- Collected data:
%%

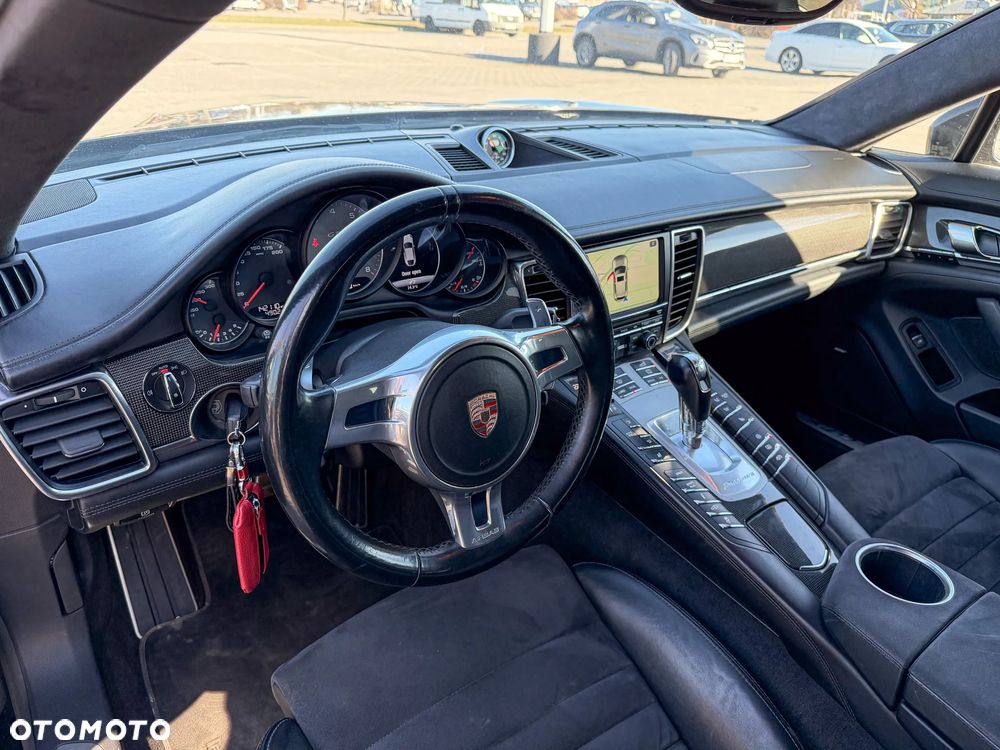 Porsche Panamera GTS PDK - 11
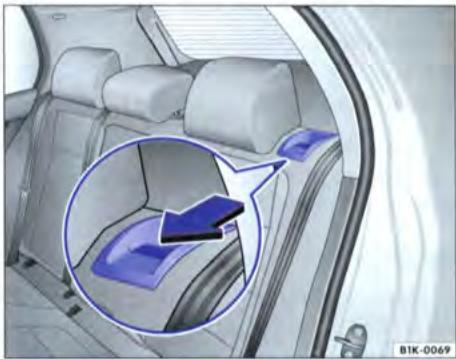 VOLKSWAGEN GOLF 5 - Escamotage du dossier - 1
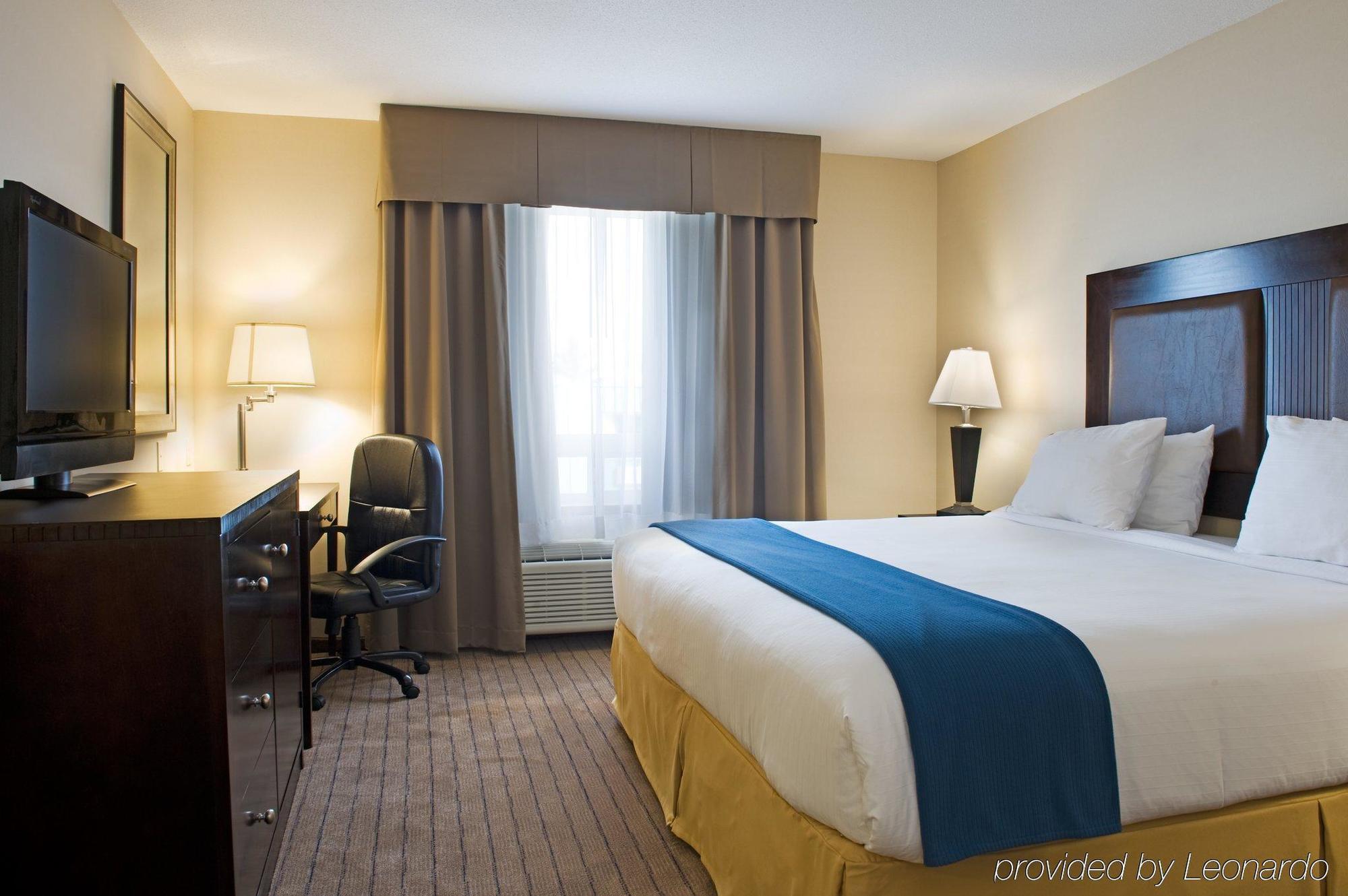 Ramada By Wyndham פרינס אלברט מראה חיצוני תמונה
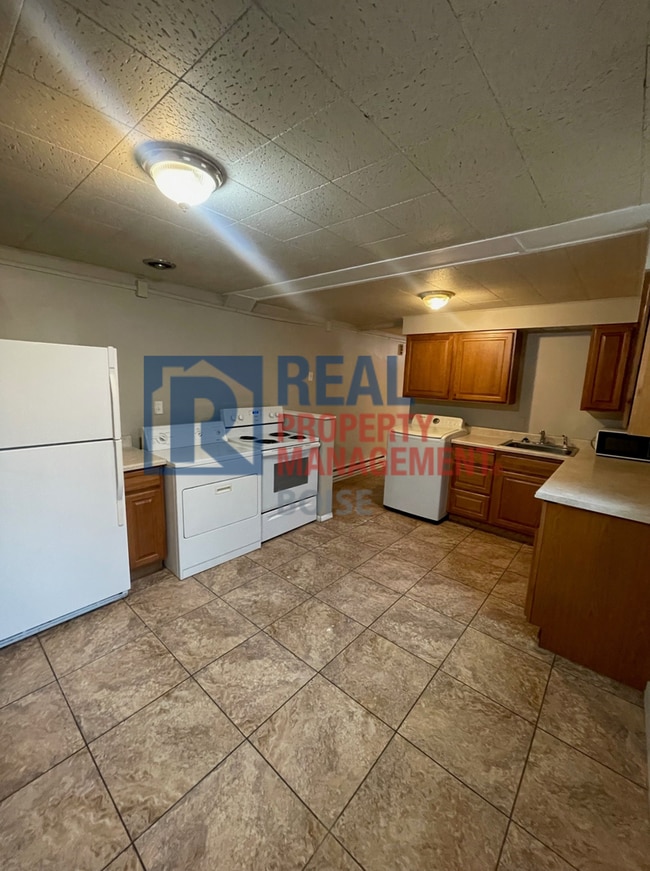 Building Photo - Spacious Basement Apartment in Downtown Ca...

%%

"Ramada By Wyndham" marks the first line to be returned; return exactly that line and every line after it through the last line of the listing, omitting pictures.

 Ramada By Wyndham פרינס אלברט מראה חיצוני תמונה
 Building Photo - Spacious Basement Apartment in Downtown Ca...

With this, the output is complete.